◆ SUPPLIED INFORMATION

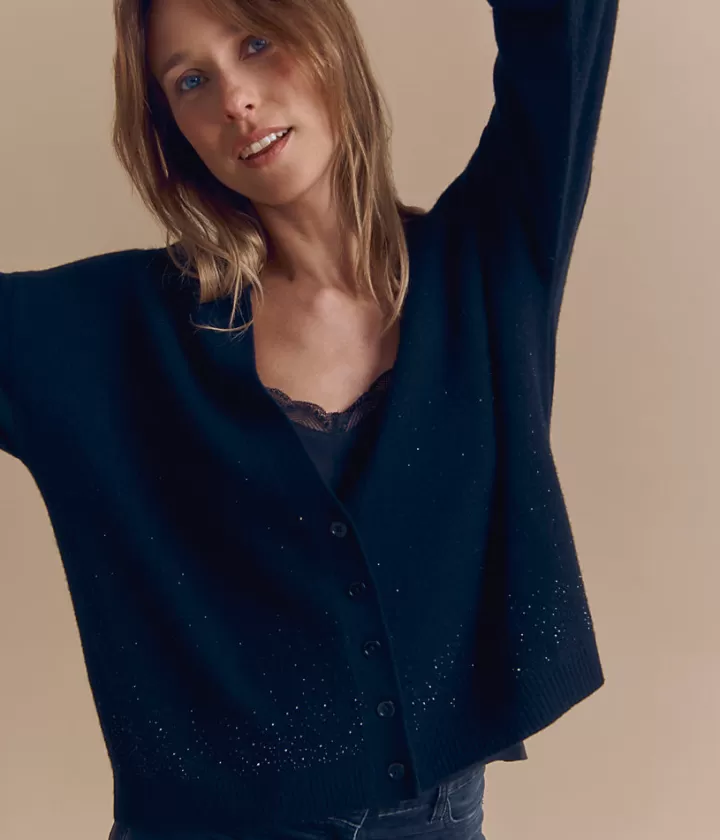 Maille>DEVERNOIS Gilet en laine et cachemire À strass Noir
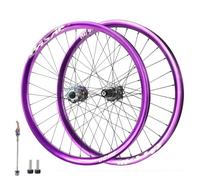 QUYCOIU Jeux De Roues Pour VTT Roues De 26/27,5/29" Moyeu 32H Blocage Rapide À L'avant 9×100Mm Fixation Boulons À L'arrière 10×135Mm Jantes En Aluminium DH/AM Descente/Tout-terrain(Purple-c,29in)
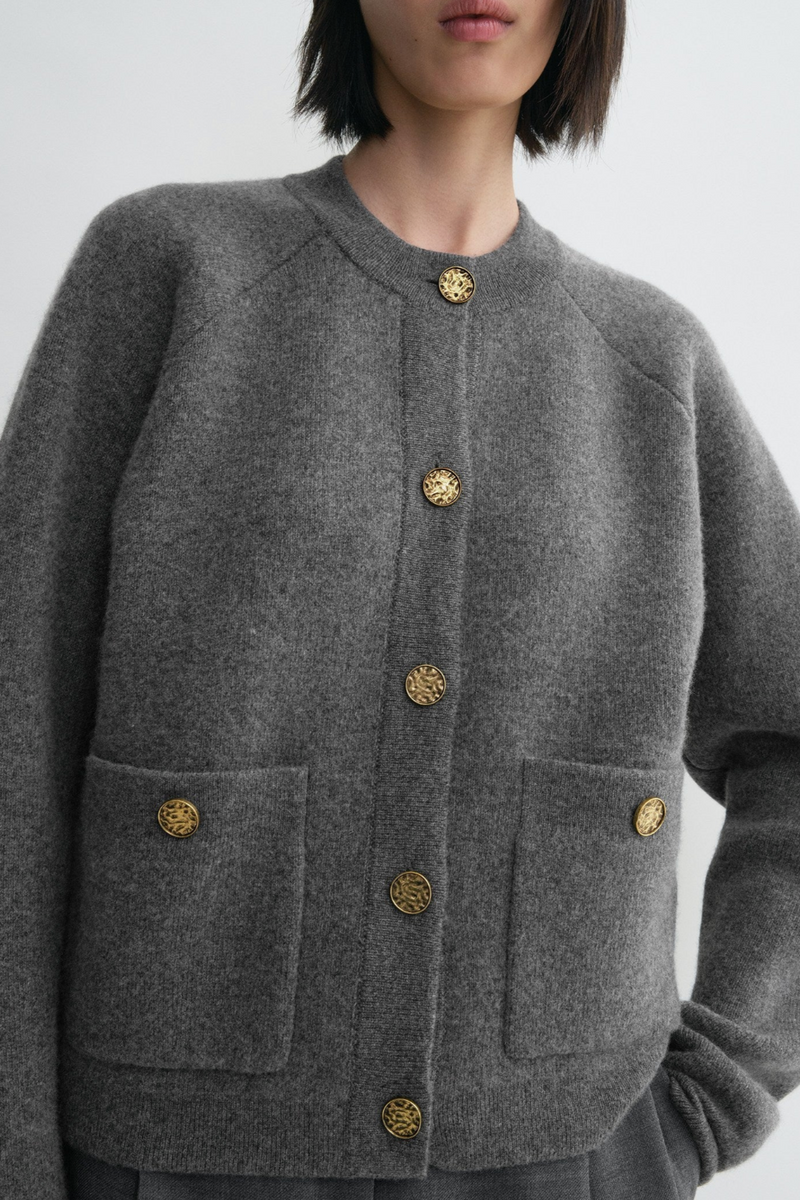 Hammered Button Cardigan - Grey Melange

◆ WHAT IS REQUIRED
Copy out all the data above exactly as written. Skip the pictures.

◆ YOUR SOLUTION
 Maille>DEVERNOIS Gilet en laine et cachemire À strass Noir
 QUYCOIU Jeux De Roues Pour VTT Roues De 26/27,5/29" Moyeu 32H Blocage Rapide À L'avant 9×100Mm Fixation Boulons À L'arrière 10×135Mm Jantes En Aluminium DH/AM Descente/Tout-terrain(Purple-c,29in)
 Hammered Button Cardigan - Grey Melange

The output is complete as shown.